Sometimes people think of a platform as being “a thing a lot of people use” or “a system built by one team that is depended on by a lot of other teams.” I have a more nuanced definition that I think helps us differentiate between a product and a platform:

A platform is a system that has multiple independent customers, where the customers of that system can use the system and modify its behavior without requiring coordination with other customers.

Often, we think of a platform as a system that “runs” other people’s systems. A good example of that type of platform is Amazon Web Services. Amazon provides a way for you to run your own systems (including various pieces you would need to run those systems, like storage, routing, etc.) “on top” of AWS. When you use AWS, you don’t have to check with every other AWS customer things like, “Is it okay if I deploy right now?” “Can I get five hosts for running my service?” It’s very hard for what you are doing to negatively affect other customers, and it’s very hard for what other customers are doing to negatively affect you.

There are other types of platforms, though. For example, I once helped develop a platform that allowed people to display their own metrics in a common dashboard. They wrote the code that generated the metric, ran that code somewhere else, and our system just displayed the metric in a standardized fashion on a company-wide dashboard. Nothing was really “running” on our platform, but customers still could use the system and modify its behavior for their own needs without requiring coordination with other customers.

Broad and Narrow Platforms

Theoretically, a website like YouTube is a platform in the most limited sense. You upload a video, and that “modifies the behavior of the system” so that it now shows your video. You don’t have to check with every other person uploading a video on YouTube if it’s okay for you to do it right now. And you have some power to configure how that video displays and how your YouTube channel works.
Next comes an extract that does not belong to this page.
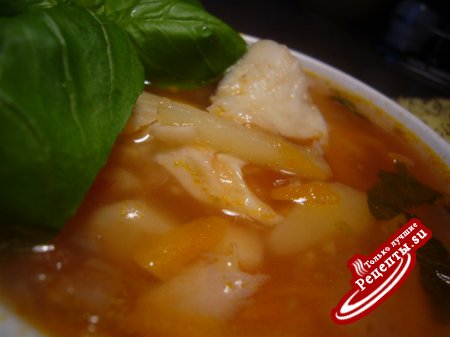 Рыбно-томатный супчик с сельдереем и базиликом. (возможно вариант).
So from this, we can see that platforms have different levels of freedom that they allow. Something like AWS would be a very broad platform—you can run almost any type of software on it. YouTube, on the other hand, is a very narrow platform—you have only limited freedom to modify how the system works.

Getting this trade-off right for your platform is one of the most important things you will have to do as a platform owner. How many “degrees of freedom” you chose to allow to your customer will determine how difficult it is to design, build, and maintain your platform successfully.

Automated vs Manual Platforms

There is another property that the best platforms have:

The best platforms do not require manual intervention from the platform owner in order for the customer to use them successfully.

Imagine that you want to release new versions of your system five times a day to your customers. What if you had to email a person at Amazon and ask them to manually deploy your code every time you wanted to do that? Not only would that be a terrible experience for you, it would dramatically harm the success of AWS as a product. Amazon’s customers would rapidly look for a different platform to use.

There are different levels of manual intervention that a platform can require. Two of the most common are:

Requiring manual intervention from the platform owner in order to onboard to the platform.
Requiring manual intervention from the platform owner in order to execute a common configuration change or fix a common support issue.

These have two problems:

You make your customers wait until a human technician is available to support them or onboard them. Often that’s not acceptable for their timelines and so they will search for other solutions. At the very least, it slows your business down significantly.
It drowns the platform owner in manual work and they become less and less able to actually work on the platform over time. You can even get into a vicious cycle where there’s so much manual work that you no longer have engineers available to develop the automation necessary to eliminate that manual work.

And of course, manual work can also be more prone to error and so you open up your system to more malfunctions. That is usually a minor issue, in practice, but it does happen.

Overall, if you have a platform that requires manual intervention, it’s still a platform, but it’s not ideal, and you’re at risk of it degrading over time as your engineers spend more and more of their time doing manual work and less and less of their time improving the platform itself.

Building a Platform

Okay, now we know what a platform is. How do you make one? What I always tell teams is:

You start with a product and then you turn that into a platform over time.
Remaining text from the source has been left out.